HOW TO COMPLETE THIS TASK. In the records below, find the line containing "RAM® Pin-LockT Replacement"; give it again exactly, along with every line that follows, and nothing else.

===

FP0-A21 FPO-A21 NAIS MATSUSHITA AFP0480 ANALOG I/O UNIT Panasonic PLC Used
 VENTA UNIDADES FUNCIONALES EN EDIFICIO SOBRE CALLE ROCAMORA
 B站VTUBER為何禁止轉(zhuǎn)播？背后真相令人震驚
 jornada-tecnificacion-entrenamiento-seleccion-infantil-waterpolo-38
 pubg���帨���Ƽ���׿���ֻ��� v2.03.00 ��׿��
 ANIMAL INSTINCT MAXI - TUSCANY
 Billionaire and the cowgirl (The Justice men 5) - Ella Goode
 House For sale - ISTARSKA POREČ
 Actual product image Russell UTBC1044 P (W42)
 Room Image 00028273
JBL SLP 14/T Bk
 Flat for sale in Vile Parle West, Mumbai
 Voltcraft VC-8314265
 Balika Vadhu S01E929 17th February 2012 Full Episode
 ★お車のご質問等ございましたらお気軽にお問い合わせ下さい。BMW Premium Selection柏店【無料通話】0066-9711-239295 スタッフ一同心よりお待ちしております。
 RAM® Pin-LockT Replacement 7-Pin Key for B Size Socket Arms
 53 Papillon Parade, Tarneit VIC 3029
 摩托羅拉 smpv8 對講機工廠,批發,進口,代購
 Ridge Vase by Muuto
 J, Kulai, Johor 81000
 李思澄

===

OUTPUT OF THE EXERCISE.
 RAM® Pin-LockT Replacement 7-Pin Key for B Size Socket Arms
 53 Papillon Parade, Tarneit VIC 3029
 摩托羅拉 smpv8 對講機工廠,批發,進口,代購
 Ridge Vase by Muuto
 J, Kulai, Johor 81000
 李思澄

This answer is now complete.